En effet, la partie centrale de l'épisode est un retour en arrière centré sur Cassie Sandsmark alias Wonder Girl. On se souvient qu'elle s'était mêlée au groupe de Young Justice un peu à contrecoeur, visiblement plus préoccupée pour s'intégrer à Metropolis que pour reprendre du service en tant qu'héroïne. Et nous découvrons pourquoi.
Bendis s'offre une séquence comme il les apprécie, reposant sur le dialogue, après la raclée qu'inflige Wonder Girl à Despero.

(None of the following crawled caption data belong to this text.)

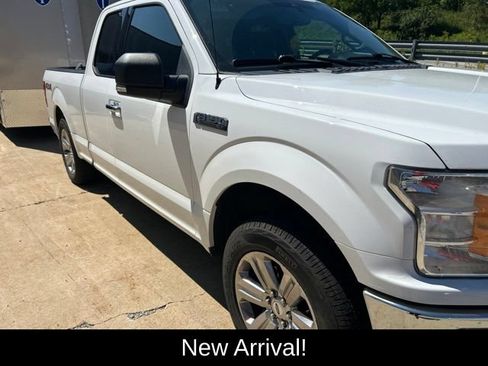 Used 2019 Ford F150 XLT w/ Equipment Group 302A Luxury AWD/4WD image 6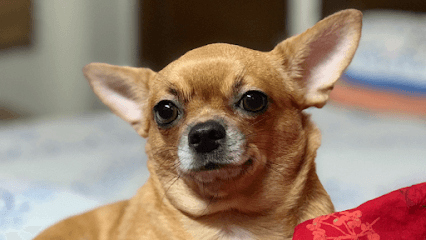 Pet Clinic business photograph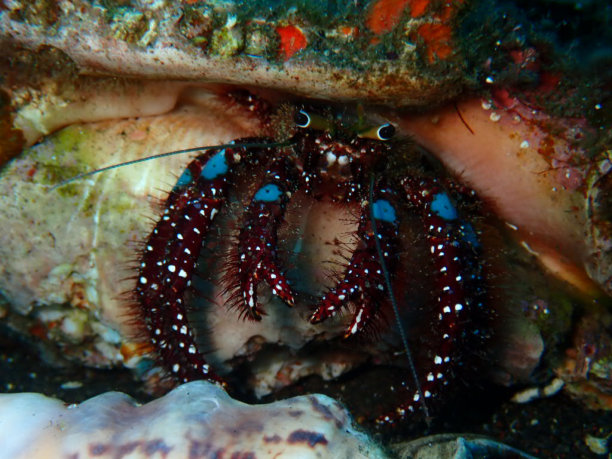 crustacean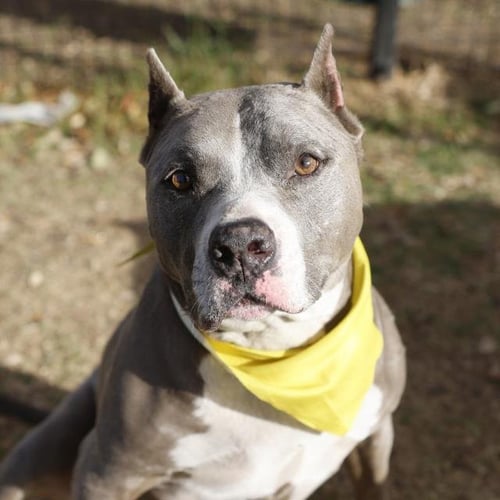 BOBA FETCH - American Staffordshire Terrier available for adoption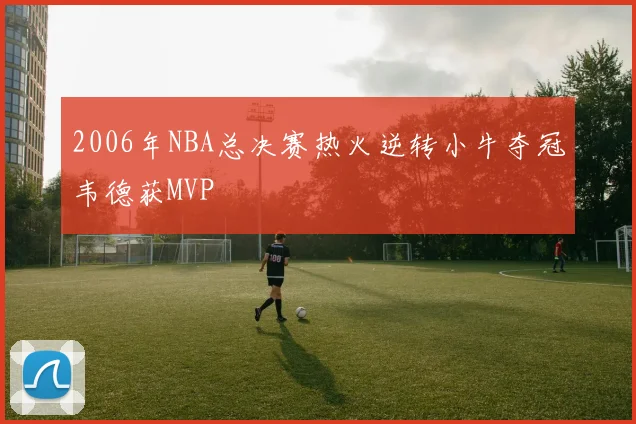 2006年NBA总决赛热火逆转小牛夺冠韦德获MVP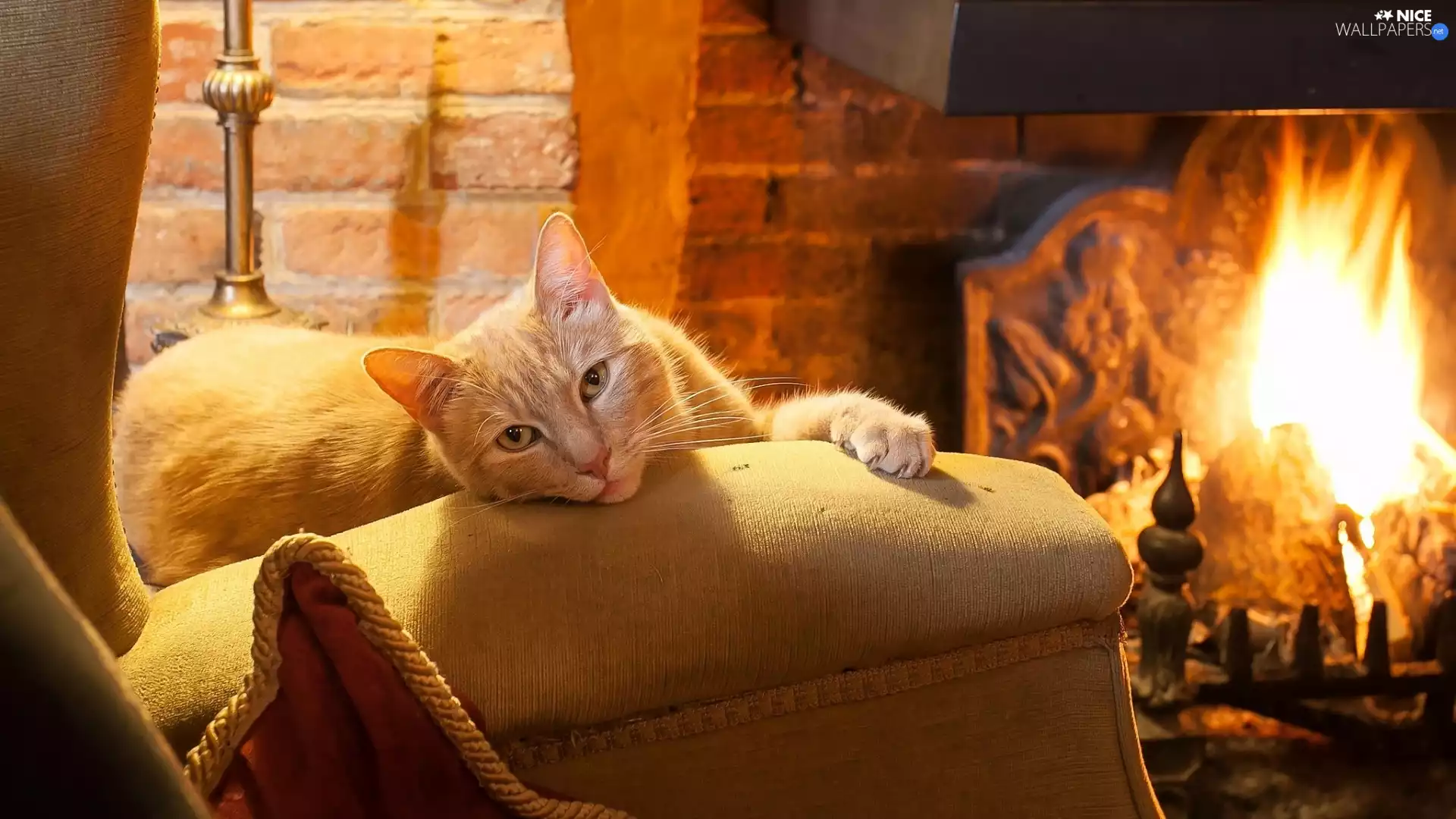 ginger, Armchair, burner chimney, cat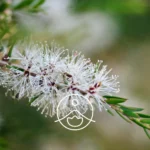 Kwitnące kwiaty drzewa kajeputowego Melaleuca cajuputii – główne źródło olejku kajeputowego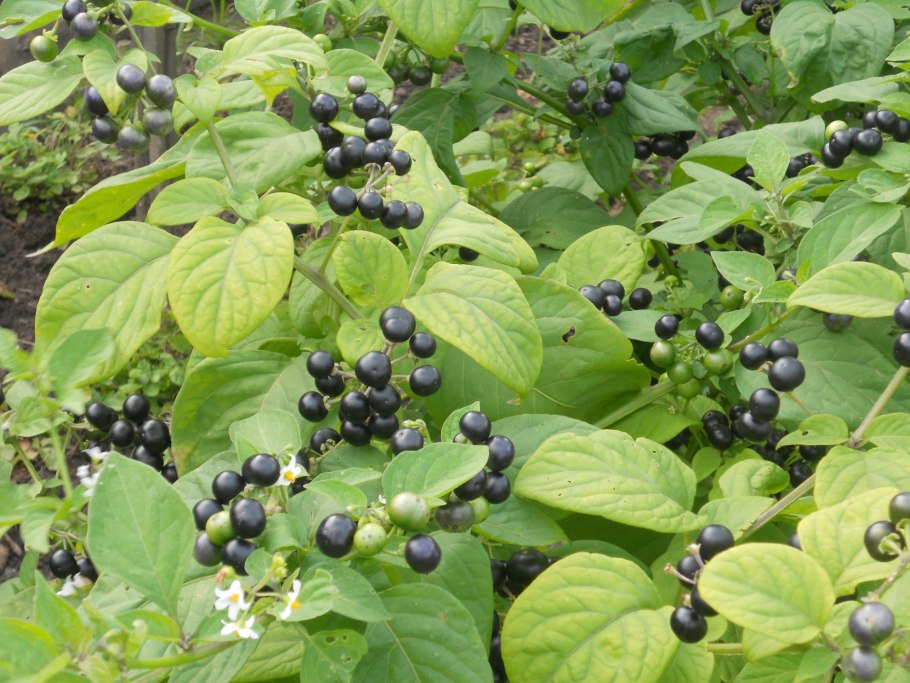 Черника форте куст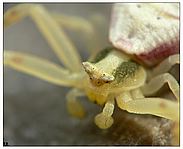 Crab Spider (Thomisidae) - FZ20 + 50mm rev. macro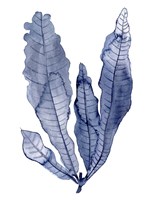 Seaweed Under Water IV Fine Art Print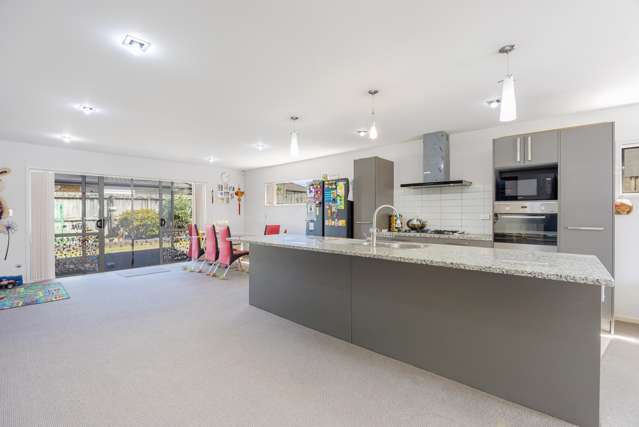 17 Birchlands Road Flat Bush_1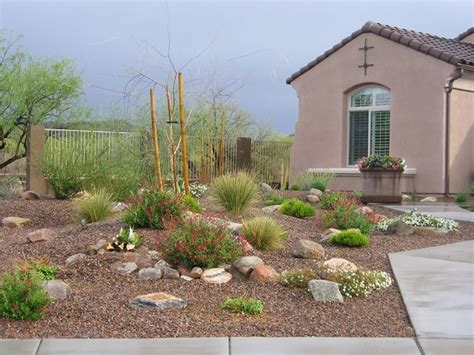 Tucson Landscaping Tiptips For Desert Landscaping Desert Landscaping
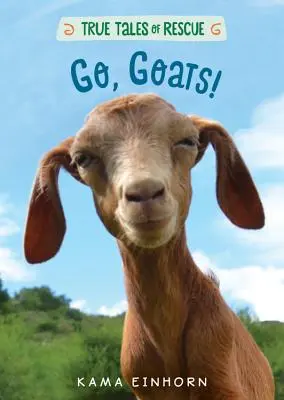 Hajrá, kecskék! - Go, Goats!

Zeus, incognito, entraîne sa petite-fille à l'écart pour lui demander de retourner au Panthéon avec lui. Son speech paraît vite trop flatteur pour la jeune fille pour ne pas dissimuler autre chose et elle rejette cette offre.
La fin de l'épisode se passe à nouveau sur Gemworld avec encore un cliffhanger accrocheur et une partie de l'équipe qui se retrouve - même si, donc, Superboy qu'Impulse a localisé ne s'est pas remontré. Là encore, frustrant.

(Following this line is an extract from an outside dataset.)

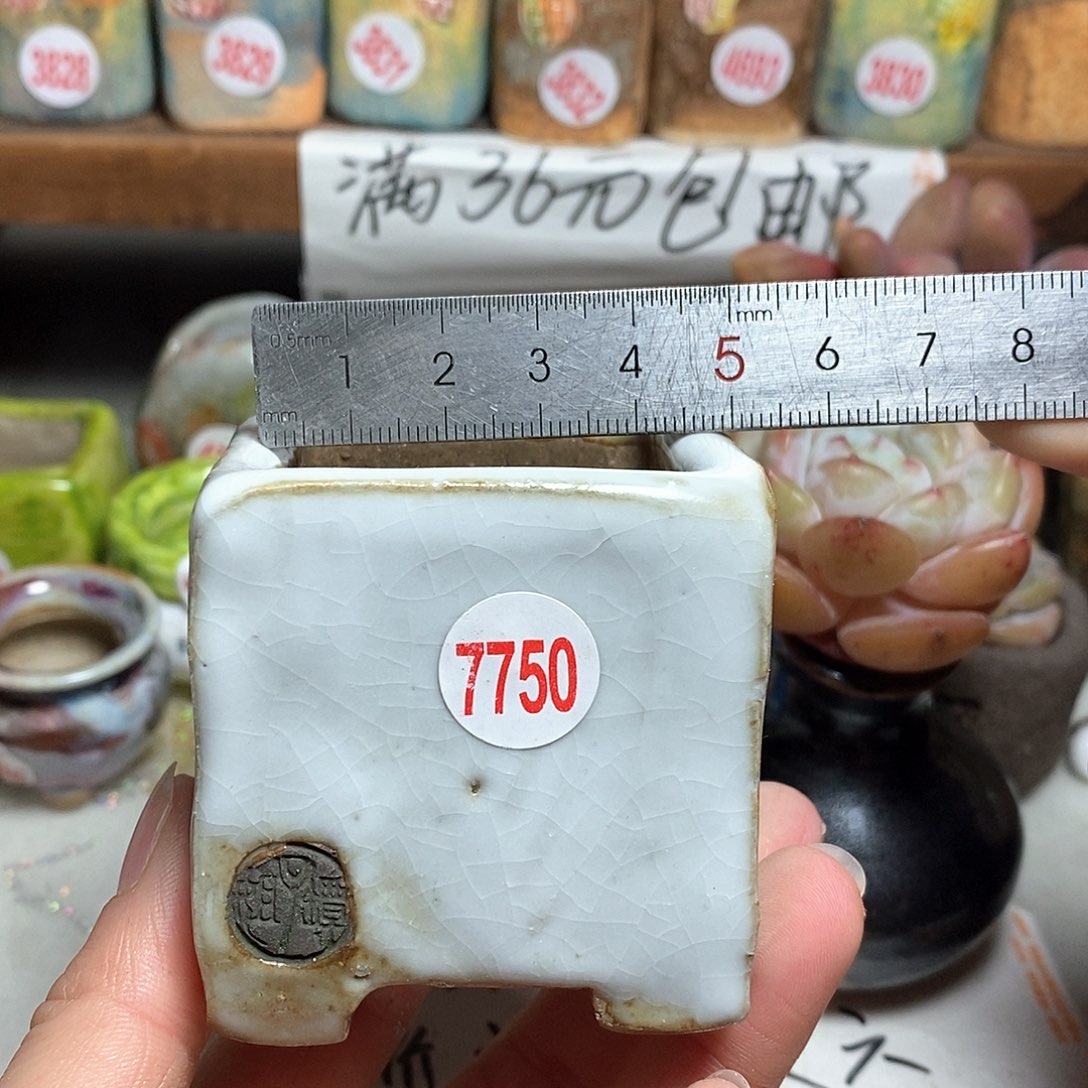 红陶拍5送一个小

Pourtant, cette construction narrative est instructive car elle semble indiquer au lecteur comment la série va se dérouler (au moins pendant son premier arc) : la guerre de succession du Gemworld sera le fil rouge prétexte à la recomposition de Young Justice, mais à chaque chapitre on aura droit à un focus sur un des membres pour savoir où il en était avant cette aventure. C'est un peu laborieux, mais sans doute aussi nécessaire pour légitimer le groupe et le présenter à ceux qui ne le connaissent pas.

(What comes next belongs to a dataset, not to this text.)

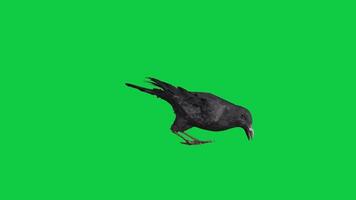 Crow, black bird looking around idle 3d render loop animation isolated green screen background video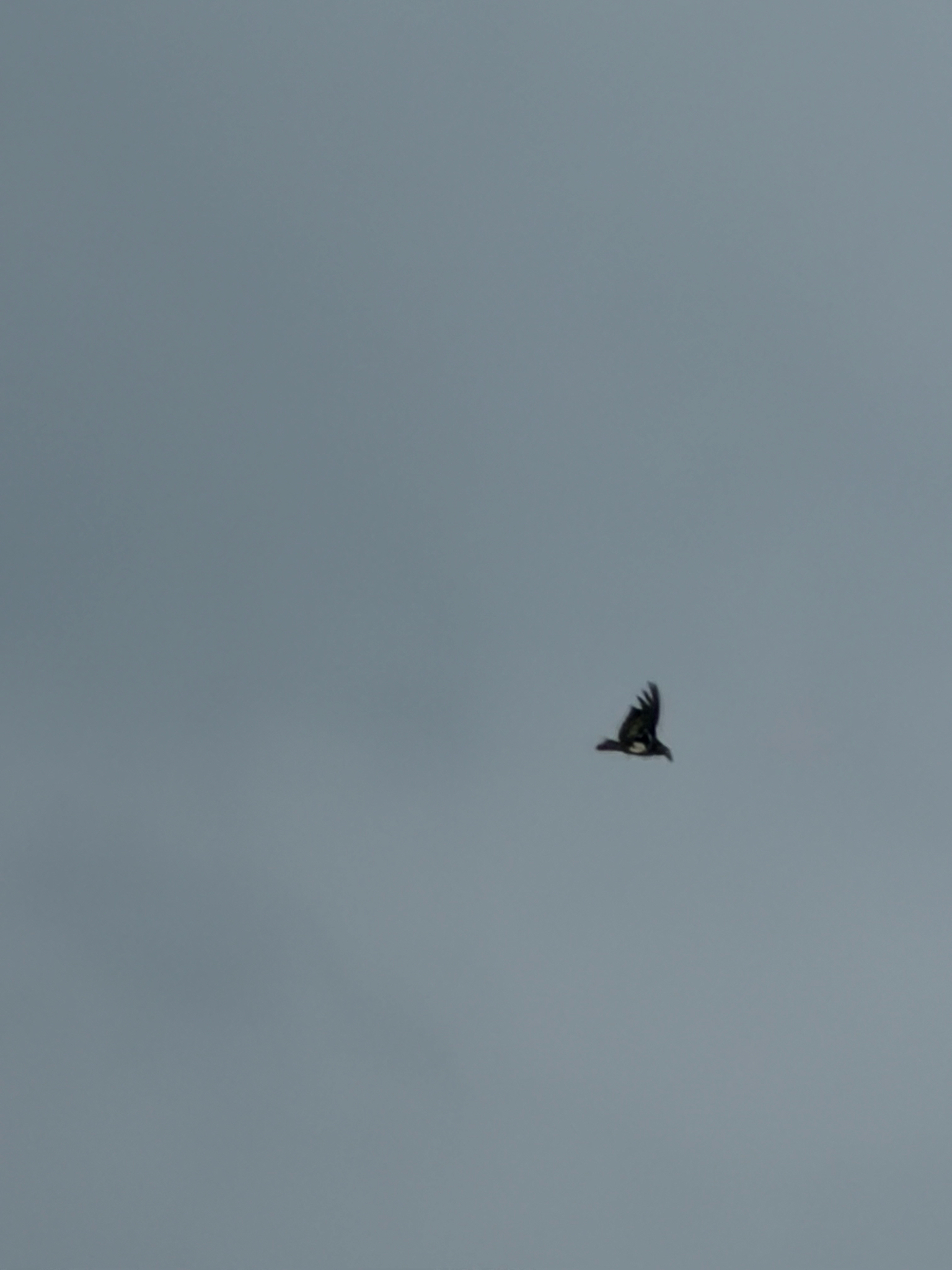 Red-headed Vulture (Sarcogyps calvus), photo 10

De la sorte aussi, Patrick Gleason se ménage du temps pour dessiner ses pages. Il en signe une onzaine (le prologue et l'épilogue, soient tout ce qui se déroule sur Gemworld) et en assume l'encrage. On peut constater que son trait s'est à la fois assombri, parfois pour suggérer un peu paresseusement les décors (plongés dans l'obscurité ou réduits à l'état de silhouette, quand ce n'est pas le coloriste Alejandro Sanchez qui s'occupe de meubler les fonds), mais l'artiste se fait aussi moins précis, épurant à la manière d'un Mignola (comme lorsque Ryan Sook travaillait sur Hellboy en copiant le maître). C'est assez étonnant, un peu sommaire, surtout quand on a connu Gleason encré par Mick Gray et produisant des planches beaucoup plus fournies en détails.
Le coeur de l'épisode, avec Wonder Girl, donne donc à Emanuela Lupacchino l'occasion de briller. Elle n'a aucun mal à éclipser le travail de Gleason sur la dizaine de pages qu'on lui a confiée. Et, une fois encore, on se demande pourquoi DC ne lui fait pas davantage confiance en lui donnant une série régulière au lieu de l'employer comme guest ou fill-in artist.
Naturellement douée pour dessiner les femmes de tous âges, Lupacchino anime merveilleusement Cassie Sandsmark à qui elle donne cette allure mi-lolita, mi-jeune femme. L'expressivité de son dessin traduit bien les émotions de l'héroïne qui cherche à la fois sa place ici-bas tout en tenant tête à son grand-père. Contrairement à Gleason, le trait est clair, les couleurs (du même Sanchez) sont lumineuses, le découpage fluide. Vraiment, Lupacchino mérite mieux que de jouer les pompiers de secours.
On referme ce numéro partagé : d'un côté, Bendis établit la charte narrative de la série (au moins pour cet arc initial), de l'autre l'inégalité graphique et la frustration vis-à-vis des rebondissements laissent sur notre faim. Il reste que Young Justice a une vraie fraîcheur et du potentiel, mais que cette première histoire sera sûrement laborieuse.